Spring Autumn & Warring States Periods

Spring Autumn Period (c. 800-300 BC)

The earliest examples of seals of the Shang Dynasty were found from the archeological sites at An-Yang. However, very little is known about their usage at this early time. So starting from the Spring and Autumn Periods, we begin to see large quantity of seals paired with textual references to them.

During the Spring Autumn and Warring States Periods, seal scripts were in the styles of Bird and Worm Zuan Shu.


Warring States Period (770-221 BC)

During this period, seals were used on mud, name certification, utensils, coins, decorations, and etc.

Until the end of the Warring States Period, seals were classified primary into official or private  regardless of their use and material. Official seals have been conferred to officials as a token of their office and authority.  The official seals were called “Xi” and in the following periods gradually became the designation for imperial seals.

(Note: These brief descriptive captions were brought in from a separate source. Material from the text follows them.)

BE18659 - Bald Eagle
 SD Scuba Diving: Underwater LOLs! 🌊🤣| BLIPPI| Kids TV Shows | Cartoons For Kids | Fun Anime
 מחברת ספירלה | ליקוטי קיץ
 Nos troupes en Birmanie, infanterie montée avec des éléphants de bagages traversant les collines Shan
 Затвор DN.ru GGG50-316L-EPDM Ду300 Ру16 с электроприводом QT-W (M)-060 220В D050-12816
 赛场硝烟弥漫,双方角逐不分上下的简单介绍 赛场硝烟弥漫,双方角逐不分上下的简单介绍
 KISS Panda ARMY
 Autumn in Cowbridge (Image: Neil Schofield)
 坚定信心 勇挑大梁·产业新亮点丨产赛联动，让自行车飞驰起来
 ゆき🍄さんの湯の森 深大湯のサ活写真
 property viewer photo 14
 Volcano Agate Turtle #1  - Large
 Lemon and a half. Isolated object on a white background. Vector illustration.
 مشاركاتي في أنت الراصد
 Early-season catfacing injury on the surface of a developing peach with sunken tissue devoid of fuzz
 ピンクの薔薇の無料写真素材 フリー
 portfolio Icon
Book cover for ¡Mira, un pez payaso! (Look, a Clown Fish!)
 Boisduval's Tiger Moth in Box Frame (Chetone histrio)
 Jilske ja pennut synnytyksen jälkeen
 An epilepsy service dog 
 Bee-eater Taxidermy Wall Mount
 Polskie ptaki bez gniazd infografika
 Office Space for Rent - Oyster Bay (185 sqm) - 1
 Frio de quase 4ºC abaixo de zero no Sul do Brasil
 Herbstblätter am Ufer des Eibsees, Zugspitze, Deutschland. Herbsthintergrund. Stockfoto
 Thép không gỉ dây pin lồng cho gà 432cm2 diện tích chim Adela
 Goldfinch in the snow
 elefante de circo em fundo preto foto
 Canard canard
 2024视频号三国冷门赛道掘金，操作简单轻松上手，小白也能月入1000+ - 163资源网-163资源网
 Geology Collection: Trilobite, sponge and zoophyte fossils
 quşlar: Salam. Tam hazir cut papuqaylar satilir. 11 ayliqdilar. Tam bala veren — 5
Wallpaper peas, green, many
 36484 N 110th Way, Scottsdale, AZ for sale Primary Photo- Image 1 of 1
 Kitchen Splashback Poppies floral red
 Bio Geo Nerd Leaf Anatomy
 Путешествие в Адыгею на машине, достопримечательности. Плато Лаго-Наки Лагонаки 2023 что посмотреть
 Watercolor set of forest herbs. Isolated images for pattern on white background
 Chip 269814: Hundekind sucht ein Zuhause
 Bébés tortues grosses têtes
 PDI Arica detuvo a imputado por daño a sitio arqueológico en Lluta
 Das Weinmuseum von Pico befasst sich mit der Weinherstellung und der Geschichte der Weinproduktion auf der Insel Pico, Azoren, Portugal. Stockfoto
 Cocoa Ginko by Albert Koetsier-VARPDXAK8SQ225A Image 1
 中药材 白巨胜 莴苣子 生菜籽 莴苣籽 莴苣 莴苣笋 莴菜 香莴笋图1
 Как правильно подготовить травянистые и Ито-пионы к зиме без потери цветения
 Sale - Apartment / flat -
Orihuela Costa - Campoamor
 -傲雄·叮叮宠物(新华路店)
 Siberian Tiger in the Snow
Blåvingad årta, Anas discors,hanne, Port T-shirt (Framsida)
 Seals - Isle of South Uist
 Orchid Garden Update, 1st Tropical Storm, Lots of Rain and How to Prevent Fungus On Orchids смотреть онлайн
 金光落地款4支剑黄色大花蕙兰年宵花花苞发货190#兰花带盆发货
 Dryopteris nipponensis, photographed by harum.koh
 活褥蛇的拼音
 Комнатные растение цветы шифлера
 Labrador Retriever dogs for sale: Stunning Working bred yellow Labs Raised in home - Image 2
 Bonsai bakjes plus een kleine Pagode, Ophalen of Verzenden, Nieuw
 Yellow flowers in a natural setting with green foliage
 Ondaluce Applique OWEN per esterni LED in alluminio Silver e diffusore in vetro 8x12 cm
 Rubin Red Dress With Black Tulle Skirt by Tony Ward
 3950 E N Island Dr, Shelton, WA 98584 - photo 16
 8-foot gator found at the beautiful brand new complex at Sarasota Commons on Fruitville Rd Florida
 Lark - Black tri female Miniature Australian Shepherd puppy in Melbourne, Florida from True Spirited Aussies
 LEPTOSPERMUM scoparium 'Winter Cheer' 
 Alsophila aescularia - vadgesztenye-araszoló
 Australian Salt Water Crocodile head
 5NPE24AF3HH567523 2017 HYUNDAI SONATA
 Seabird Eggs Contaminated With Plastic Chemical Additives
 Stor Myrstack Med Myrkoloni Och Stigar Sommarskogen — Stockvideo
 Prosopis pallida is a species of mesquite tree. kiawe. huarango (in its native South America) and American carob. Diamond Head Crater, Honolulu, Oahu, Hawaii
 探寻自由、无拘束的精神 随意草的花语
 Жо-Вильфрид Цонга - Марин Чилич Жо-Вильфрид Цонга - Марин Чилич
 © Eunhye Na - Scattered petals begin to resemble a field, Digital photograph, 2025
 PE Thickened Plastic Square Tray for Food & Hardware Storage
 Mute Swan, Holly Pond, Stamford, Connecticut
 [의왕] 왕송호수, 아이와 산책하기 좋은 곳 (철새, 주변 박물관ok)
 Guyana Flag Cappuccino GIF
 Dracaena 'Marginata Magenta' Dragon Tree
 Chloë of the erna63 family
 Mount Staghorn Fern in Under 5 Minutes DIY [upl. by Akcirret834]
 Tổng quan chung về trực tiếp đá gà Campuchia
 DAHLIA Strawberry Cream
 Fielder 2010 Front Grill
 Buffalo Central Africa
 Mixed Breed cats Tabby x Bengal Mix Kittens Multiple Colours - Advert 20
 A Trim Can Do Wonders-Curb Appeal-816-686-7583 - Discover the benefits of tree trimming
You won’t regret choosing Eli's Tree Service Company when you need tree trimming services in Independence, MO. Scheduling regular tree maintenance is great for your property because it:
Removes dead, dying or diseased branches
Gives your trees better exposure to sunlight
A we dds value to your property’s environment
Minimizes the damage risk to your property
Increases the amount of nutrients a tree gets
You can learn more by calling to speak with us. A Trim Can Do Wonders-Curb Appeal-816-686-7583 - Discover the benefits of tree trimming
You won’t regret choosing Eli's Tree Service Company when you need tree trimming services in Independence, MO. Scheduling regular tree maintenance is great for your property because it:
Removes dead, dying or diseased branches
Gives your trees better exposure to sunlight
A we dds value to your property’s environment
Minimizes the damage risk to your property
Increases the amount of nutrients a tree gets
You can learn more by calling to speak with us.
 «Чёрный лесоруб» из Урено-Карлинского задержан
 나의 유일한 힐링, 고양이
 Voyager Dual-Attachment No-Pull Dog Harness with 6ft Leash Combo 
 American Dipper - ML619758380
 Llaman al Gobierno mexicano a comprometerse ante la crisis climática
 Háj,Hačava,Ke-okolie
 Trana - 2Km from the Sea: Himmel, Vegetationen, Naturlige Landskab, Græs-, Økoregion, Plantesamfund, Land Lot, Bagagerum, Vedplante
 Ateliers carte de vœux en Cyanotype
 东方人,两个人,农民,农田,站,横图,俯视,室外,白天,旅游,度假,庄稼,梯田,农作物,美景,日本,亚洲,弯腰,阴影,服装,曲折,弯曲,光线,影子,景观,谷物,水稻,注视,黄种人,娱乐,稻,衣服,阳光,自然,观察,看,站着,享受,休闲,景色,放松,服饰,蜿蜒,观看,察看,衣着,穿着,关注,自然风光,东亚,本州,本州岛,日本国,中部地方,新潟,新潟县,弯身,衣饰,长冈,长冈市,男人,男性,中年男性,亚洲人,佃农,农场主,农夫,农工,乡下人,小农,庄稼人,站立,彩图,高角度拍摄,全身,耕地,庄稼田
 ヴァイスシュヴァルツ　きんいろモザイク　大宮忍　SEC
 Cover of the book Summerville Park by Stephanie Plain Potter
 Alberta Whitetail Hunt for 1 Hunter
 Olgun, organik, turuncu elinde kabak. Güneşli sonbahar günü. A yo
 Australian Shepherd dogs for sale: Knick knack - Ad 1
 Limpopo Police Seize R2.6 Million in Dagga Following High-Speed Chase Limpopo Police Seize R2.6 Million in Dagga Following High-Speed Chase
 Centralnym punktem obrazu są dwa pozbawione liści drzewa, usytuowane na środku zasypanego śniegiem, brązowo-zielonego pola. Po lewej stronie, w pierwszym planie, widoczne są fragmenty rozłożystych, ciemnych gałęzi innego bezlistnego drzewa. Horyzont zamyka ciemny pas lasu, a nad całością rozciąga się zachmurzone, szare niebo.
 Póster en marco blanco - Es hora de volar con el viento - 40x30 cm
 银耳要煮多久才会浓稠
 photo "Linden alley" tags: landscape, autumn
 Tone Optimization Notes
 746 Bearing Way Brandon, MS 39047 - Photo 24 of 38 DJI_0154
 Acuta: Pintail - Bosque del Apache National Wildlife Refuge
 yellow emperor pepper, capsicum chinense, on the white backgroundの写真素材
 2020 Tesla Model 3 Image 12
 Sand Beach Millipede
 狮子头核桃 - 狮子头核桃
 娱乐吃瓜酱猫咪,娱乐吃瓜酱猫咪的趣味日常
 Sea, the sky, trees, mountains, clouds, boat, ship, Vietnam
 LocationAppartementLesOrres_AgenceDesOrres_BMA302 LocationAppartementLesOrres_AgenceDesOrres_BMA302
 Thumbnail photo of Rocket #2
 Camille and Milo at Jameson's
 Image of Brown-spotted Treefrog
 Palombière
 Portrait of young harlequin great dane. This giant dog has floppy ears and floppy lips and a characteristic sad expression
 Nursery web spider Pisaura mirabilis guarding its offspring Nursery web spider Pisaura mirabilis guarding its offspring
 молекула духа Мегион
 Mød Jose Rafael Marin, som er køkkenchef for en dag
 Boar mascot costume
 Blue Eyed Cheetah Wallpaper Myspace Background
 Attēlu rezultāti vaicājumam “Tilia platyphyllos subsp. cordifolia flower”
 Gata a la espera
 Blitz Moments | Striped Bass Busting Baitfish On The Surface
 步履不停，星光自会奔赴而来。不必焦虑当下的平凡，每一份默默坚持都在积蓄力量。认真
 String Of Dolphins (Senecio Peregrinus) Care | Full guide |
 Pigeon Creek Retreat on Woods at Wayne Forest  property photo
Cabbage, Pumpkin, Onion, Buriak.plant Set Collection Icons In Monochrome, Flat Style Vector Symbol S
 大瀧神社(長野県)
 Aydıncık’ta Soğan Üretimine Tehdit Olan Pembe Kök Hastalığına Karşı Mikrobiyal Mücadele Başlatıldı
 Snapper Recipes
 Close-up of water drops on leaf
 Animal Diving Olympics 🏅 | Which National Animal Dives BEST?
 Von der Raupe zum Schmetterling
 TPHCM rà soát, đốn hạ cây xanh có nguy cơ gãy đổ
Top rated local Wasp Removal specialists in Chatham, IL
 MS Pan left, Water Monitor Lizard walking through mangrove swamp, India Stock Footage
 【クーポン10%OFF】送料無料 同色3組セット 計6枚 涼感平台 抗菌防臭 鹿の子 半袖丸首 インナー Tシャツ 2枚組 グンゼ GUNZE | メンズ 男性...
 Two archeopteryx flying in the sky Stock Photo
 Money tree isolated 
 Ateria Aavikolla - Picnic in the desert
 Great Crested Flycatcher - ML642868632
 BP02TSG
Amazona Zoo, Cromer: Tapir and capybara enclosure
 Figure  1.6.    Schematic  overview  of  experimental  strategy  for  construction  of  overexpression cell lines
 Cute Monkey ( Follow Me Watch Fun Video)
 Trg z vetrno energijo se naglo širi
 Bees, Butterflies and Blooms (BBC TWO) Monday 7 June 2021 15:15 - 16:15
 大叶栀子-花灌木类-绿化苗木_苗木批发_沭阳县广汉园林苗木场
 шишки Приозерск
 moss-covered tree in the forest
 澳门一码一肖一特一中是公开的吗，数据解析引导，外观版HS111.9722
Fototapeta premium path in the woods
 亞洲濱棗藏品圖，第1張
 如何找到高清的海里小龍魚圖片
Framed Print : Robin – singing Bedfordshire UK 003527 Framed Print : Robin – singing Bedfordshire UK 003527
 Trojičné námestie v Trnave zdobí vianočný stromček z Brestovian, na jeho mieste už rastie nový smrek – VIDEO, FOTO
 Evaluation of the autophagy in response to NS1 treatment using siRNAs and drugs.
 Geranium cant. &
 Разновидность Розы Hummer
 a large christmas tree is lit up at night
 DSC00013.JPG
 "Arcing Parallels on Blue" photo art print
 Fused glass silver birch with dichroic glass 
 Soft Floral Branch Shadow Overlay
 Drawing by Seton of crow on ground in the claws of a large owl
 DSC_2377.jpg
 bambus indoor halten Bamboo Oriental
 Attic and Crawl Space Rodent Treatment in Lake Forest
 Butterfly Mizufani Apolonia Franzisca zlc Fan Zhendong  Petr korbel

Originally, a seal was the symbol of power, status and order of feudal societies in China. For instance, Su Chin, a famous politician during the Warring States Period was once in charge of the seals of the prime ministers of the Six States. This was regarded as the highest achievement in the political arena by many historians. However, through a long history of development, people began to pay more attention to the aesthetic values of seals and such carving has eventually evolved into a type of pure art in China.

From the Warring State Period to the Han, Wei, and Jin Dynasties, images and pictorials of animals were also engraved onto seals. Those “image seals” became very popular during the Han Dynasty.